The issues for determination were, inter alia: (i) how many aircraft the claimant would have asked the defendant to service under the contract; (ii) whether the claimant could recover damages for the costs of the hangar for the specific purpose of the C-checks and the salaries of its redeployed permanent staff; (iii) whether the claimant had appropriately deducted amounts attributable to the costs of materials; (iv) whether it was fair to assume that the checks undertaken by the defendant and JAT would have taken the same man hours and the materials cost the same so that both amounts could be omitted from the calculation of damages; and (v) whether the claimant had financially benefited from reduced maintenance periods at the hangar.

The court ruled: (1) In the season 2007/2008, the claimant would have required the defendant to service five aircraft, in 2008/2009, the defendant would have serviced eight aircraft and six in 2009/2010 (see [21] of the judgment).

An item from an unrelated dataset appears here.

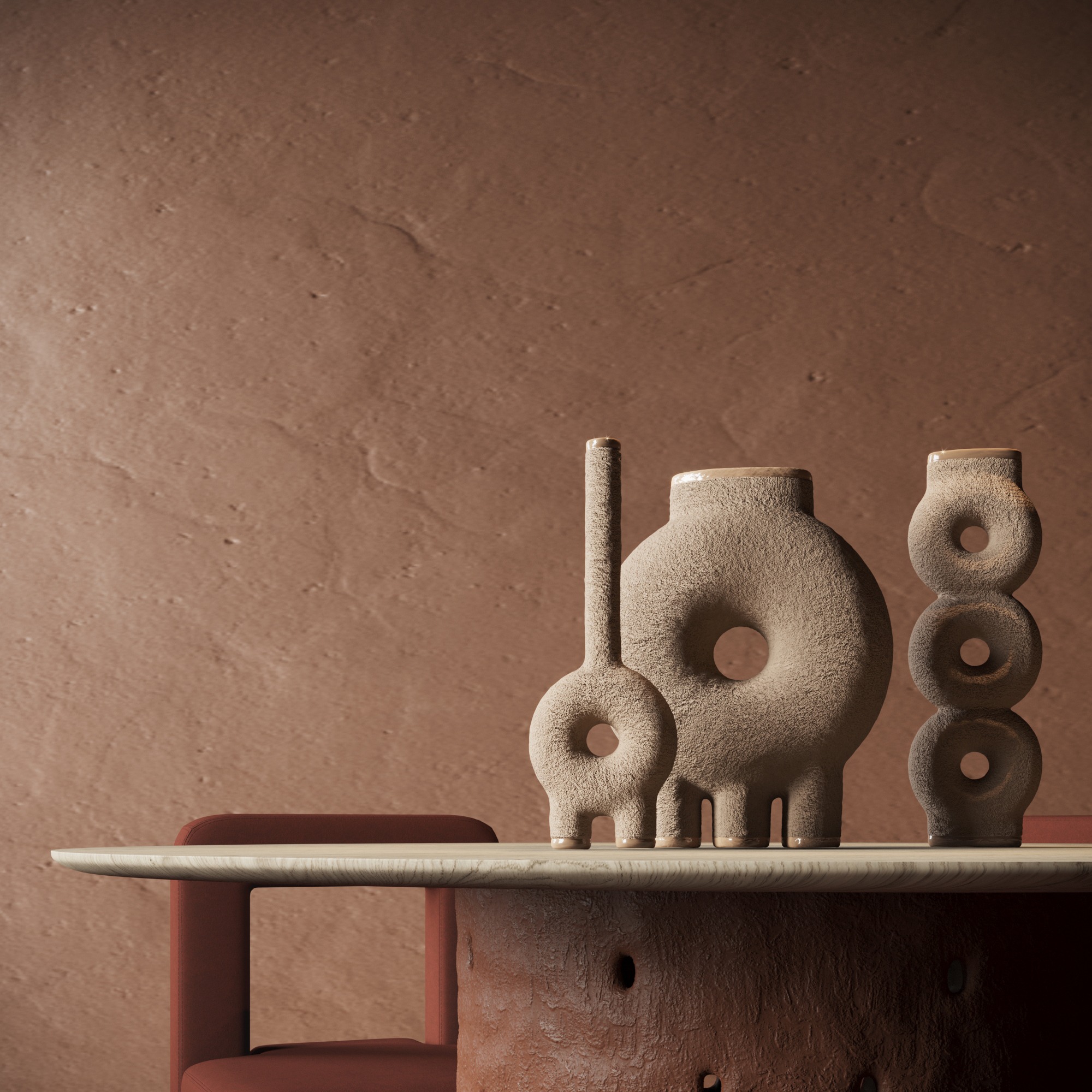 Three Leg Ceramic Vase by Faina 4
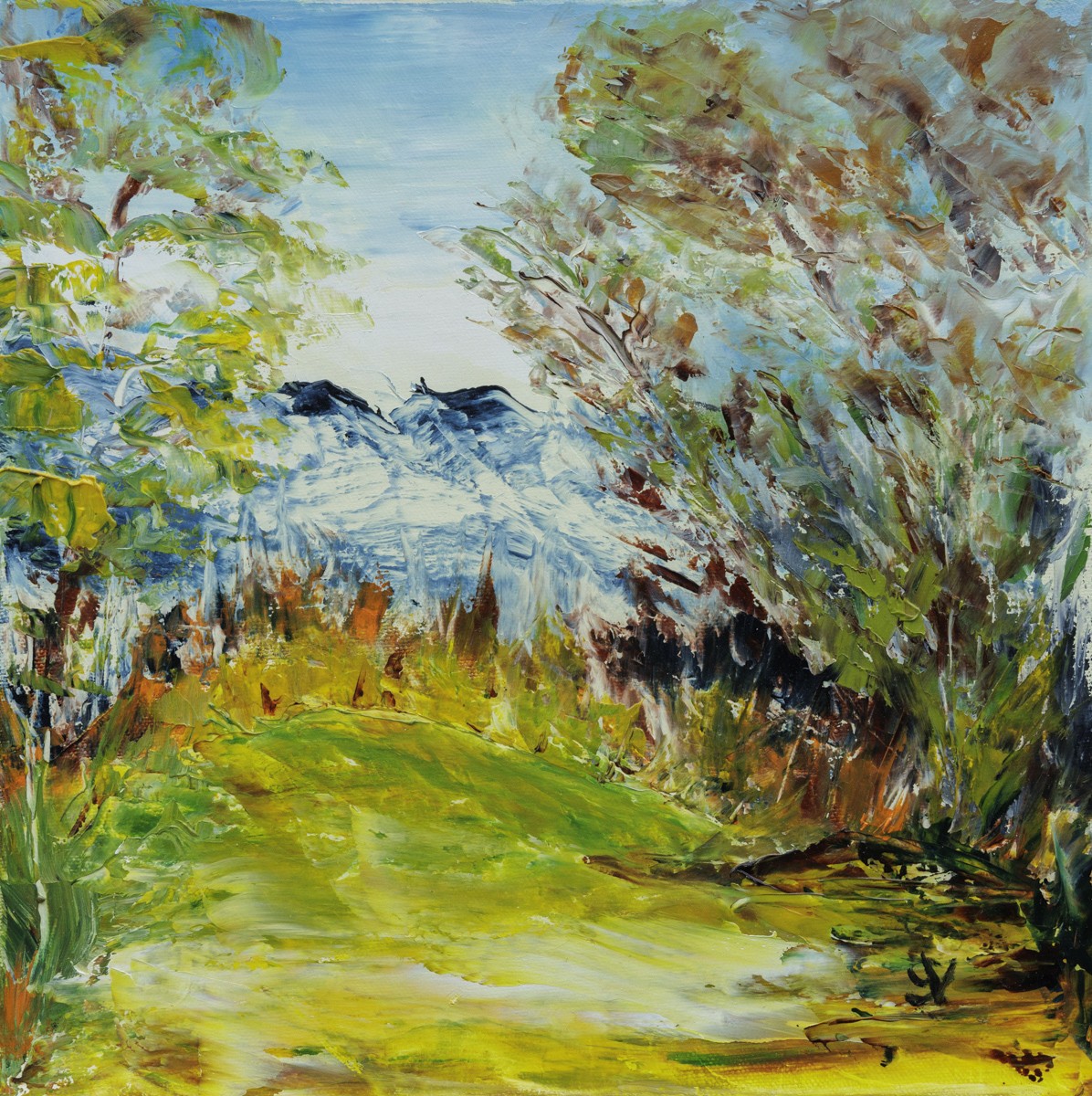 Suzanne Vaucelles, Ballade en alpage - Paysage montagneux semi figuratif Suzanne Vaucelles, Ballade en alpage - Paysage montagneux semi figuratif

(2) The claimant could recover something for costs of the hangar because all the further C-check work resulting from the termination of the contract could not have been accommodated without cost in the existing space. Further, where there had been a particular need to use a proportion of permanent staff who were directly replaced by contract staff in their usual locations, that item ought to be part of the damages recovered by the claimant (see [28], [32] of the judgment).

(3) It was appropriate for the claimant to deduct the cost of materials but, in the ordinary way, the court would expect it to produce evidence of what that had actually been. The claimant’s approach seemed to be flawed and the relevant deduction would be the best estimate of the actual cost of the materials (see [41] of the judgment).

(4) It would be fair to assume that the aircraft checks that had been undertaken by the defendant would have taken on average the same man hours for further work as JAT had in fact taken and that the defendant would have charged the same for materials used in the further work as JAT (see [42]-[44] of the judgment).

(5) In the absence of developed evidence on the point, an adjustment for the reduced maintenance periods would not be made, particularly in circumstances where it was arguable that at least some of the further maintenance time the claimant would have incurred using the defendant might have been caused by breaches of the contract (see [50] of the judgment).

Steven Thompson and Harry Sharpe (instructed by Bird & Bird LLP) for the claimant; Bajul Shah (instructed by Clyde & Co LLP) for the defendant.